Don Quijote de La Mancha era, en principio, una burla del loco mundo caballeresco, pues los libros de caballerías, con sus delirios y fantasías, eran el género de moda en la literatura popular. Pero la obra de Cervantes es tan compleja y completa, su estilo es tan novedoso, y es tan sugestivo el contraste de la peripecia quijotesca con la vida del propio Cervantes y con la de España en general, que el libro alimentará reflexiones sin cuento a lo largo de los siglos. Para Unamuno, Don Quijote no es un loco, sino un mártir, “el Cristo español”. El japonés Mishima se veía a sí mismo como “un Don Quijote menor contemporáneo”, entusiasmado por la pelea con los molinos de viento. El alemán Jünger profesaba la mayor admiración no sólo por Cervantes, “un hombre que usó con profunda necesidad tanto la espada como la pluma”, sino también por el propio Alonso Quijano, cuyas aventuras siguió muy lejos de cualquier degradación humorística. El inglés Chesterton se pregunta: “¿Ha reflexionado alguna vez en lo estupendo que habría sido que Don Quijote echara por tierra los molinos?”. Y se contesta: “Necesitamos a alguien que se crea capaz de derribar gigantes.
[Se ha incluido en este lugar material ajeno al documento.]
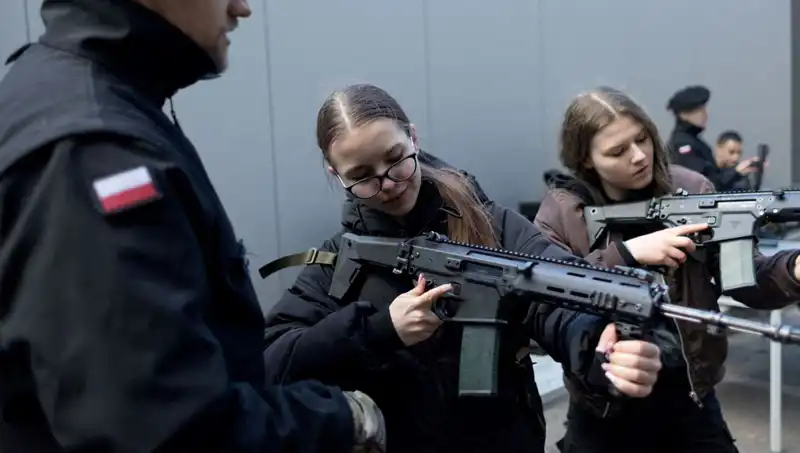 Polonya'da Sivil Askeri Eğitim Hamlesi: Ülke Savaşa Hazırlanıyor
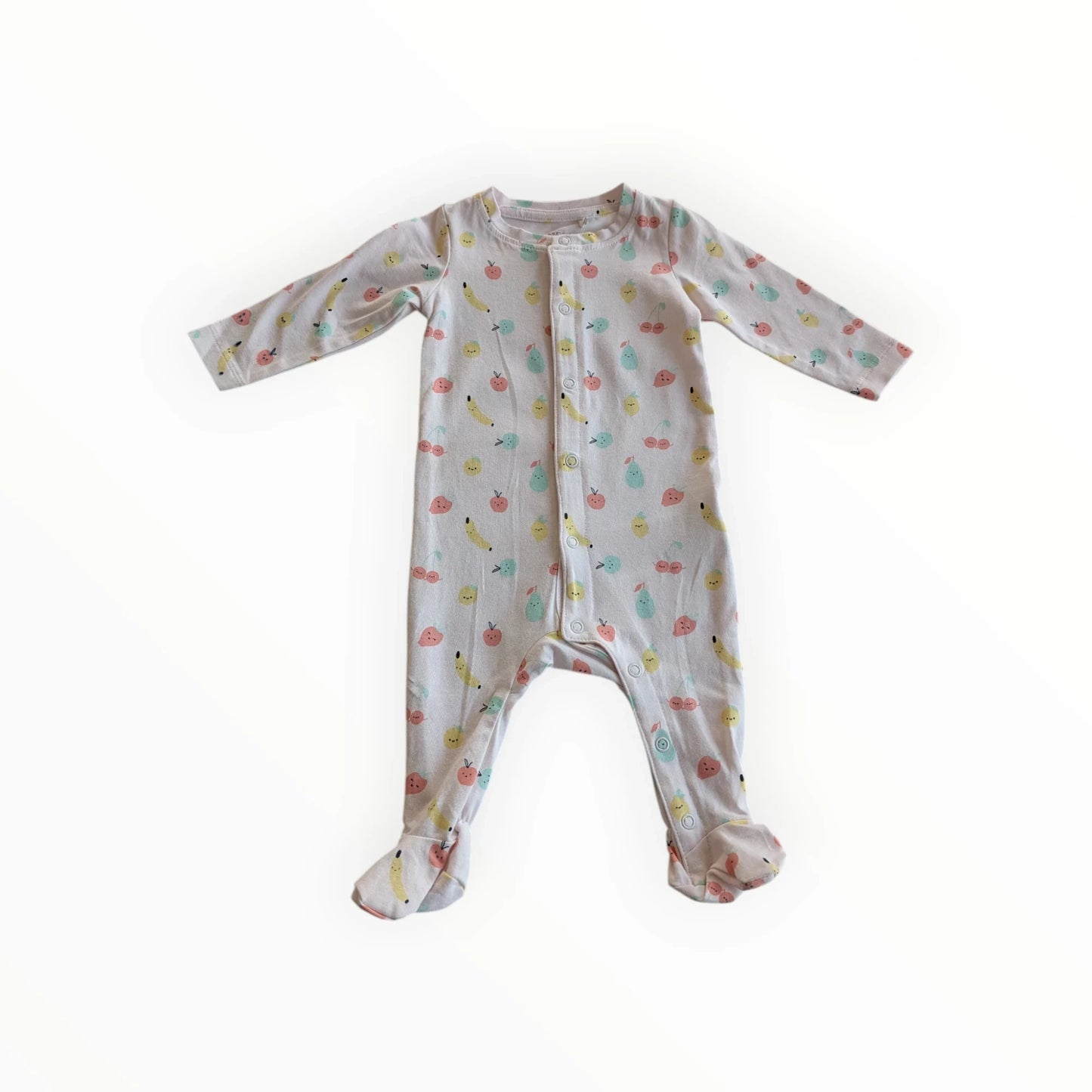 Pierrot Outlet baby pyjamapakje met lange mouwen en fruitprint in pastelkleuren. Gemaakt van katoen met drukknoopsluiting.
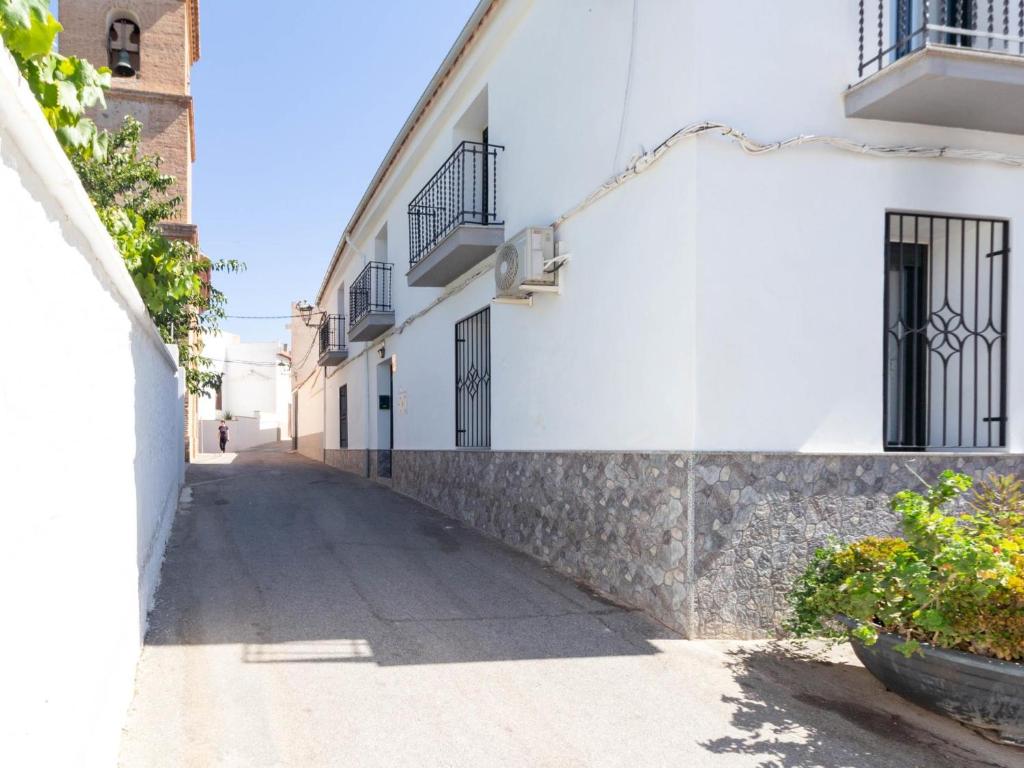 an empty alley with a white building and a street at Casa Mirador de Murchas in Murchas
Y que consiga derribar molinos de viento”.

El mismo Chesterton nos dejó un párrafo que bien puede servir para subrayar la actualidad del Quijote: “Nuestra sociedad ha llegado a desarrollar una burocracia tan inhumana que casi parece espontánea, natural. Se ha convertido en una segunda naturaleza: tan indiferente, remota y cruel como ella. Otra vez regresa el caballero errante a los bosques sólo que, ahora, no es entre los árboles donde se extravía, sino entre las ruedas del maquinismo. (…) Hemos encadenado a los seres humanos a una maquinaria gigantesca y no podemos predecir en qué parte dejará notar sus fallos. La pesadilla de Don Quijote ha encontrado justificación. Porque los molinos de hoy son verdaderos gigantes”.
Don Quijote tiene que cabalgar de nuevo. Es urgente.